In Kansas City, I can't blame the Chiefs for not investing big-time in No. 1 receiver Dwayne Bowe, who still doesn't exhibit the maturity and the dedication to make everyone believe he gets it. I still can't forget the sight of Bowe short-arming a ball late in a home loss to Pittsburgh last season. Until that kind of halfhearted effort is a thing of the past, Kansas City has the right to be dubious.

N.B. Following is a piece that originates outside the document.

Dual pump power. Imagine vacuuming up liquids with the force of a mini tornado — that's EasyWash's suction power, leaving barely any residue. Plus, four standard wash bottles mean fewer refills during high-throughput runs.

As for Wes Welker in New England, his age (31) and position (slot receiver, working the underneath routes) certainly seem to have convinced the Patriots he's not worth overextending for. He's reliable and wildly productive, but New England basically thinks he's a "system'' receiver and it appears content to get one more season out of him and then move to replace him with a younger model. That is the Patriot Way, after all, and who are we to question sheer genius?
If there was a minor surprise to me, it was that San Francisco didn't get anything long-term done with sixth-year veteran safety Dashon Goldson, who won't turn 28 until September. A fourth-round pick out of Washington in 2007, Goldson has been a significant contributor to the 49ers' defensive emergence, and he's the kind of solid player most teams like to lock up. Still, at a $6.2 million salary in 2012, Goldson shouldn't feel slighted this season. For all the huffing and puffing the players union does about the onerous nature of the franchise tag, there were only winners and bigger winners among those ranks this year.